This year Winter came early, as the terrible news hit the internet that the first four episodes of Game of Thrones leaked online.
How this happened, nobody can confirm just yet, although the leaked episodes seem be have come off screeners that HBO distributes to official media houses and publishing companies. HBO has launched a full investigation into the matter. My feeling is that because the show appeared to be getting an international release this time (and not delayed as usual), somewhere within that global distribution network, the episodes leaked.
But that is pure speculation, and not at all what this post is about. I’m actually here to help you deal with the emotional anguish of a pre-season leak of your favourite show. Your options are as follows:
Option 1: Watch the episodes
The Plan: I’ve been reading a lot of comments saying that people will respect the show runners, writers, producers and actors enough to pirate the show after each episode airs. Yes, because we all know that GoT is the most pirated HBO series ever. But those of us with less self control have likely already seen the first four episodes and are experiencing the problem I discuss below.
The Problem: Brace yourselves. Withdrawal symptoms are coming. You’re going to love that ~4 hours you spend watching those four glorious episodes in sub-standard definition, because you’ve missed these characters and this universe so much.

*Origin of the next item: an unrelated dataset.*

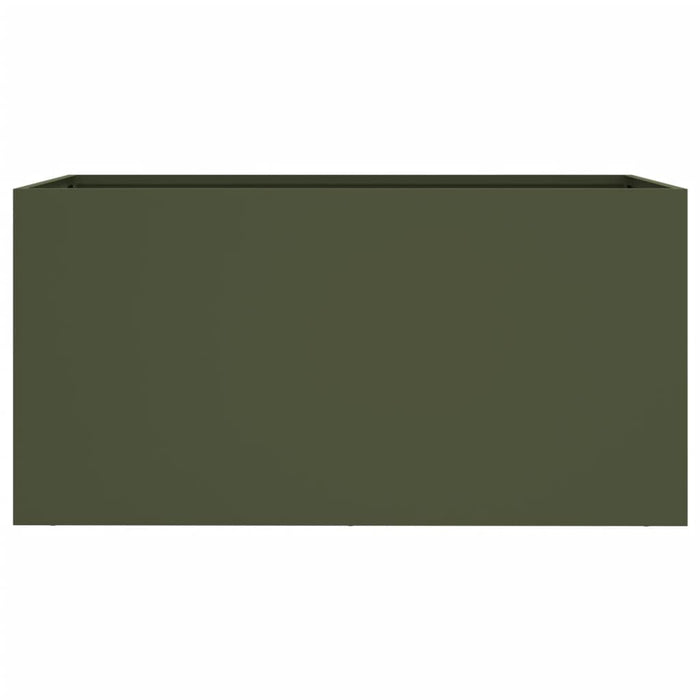 Fioriera-Vaso-Contenitore per Piante Verde Oliva 62x30x29 cm in Acciaio 145010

But no, once the credits roll, you’ll sit there with that feeling like you just had make-up sex with an ex you should never have gone back to. It’s going to suck, and you’re going to have to deal with it for 4 weeks.
And all you’ll be able to do during that time is sit and re-watch the episodes, or re-cap older seasons. Good luck enjoying that as much as a fresh new episode each week!
Option 2: Don’t watch the episodes
The plan: Let’s face it, as a true Game of Thrones fan, you’d feel shit about watching those 4 episodes, even though you can barely contain yourself.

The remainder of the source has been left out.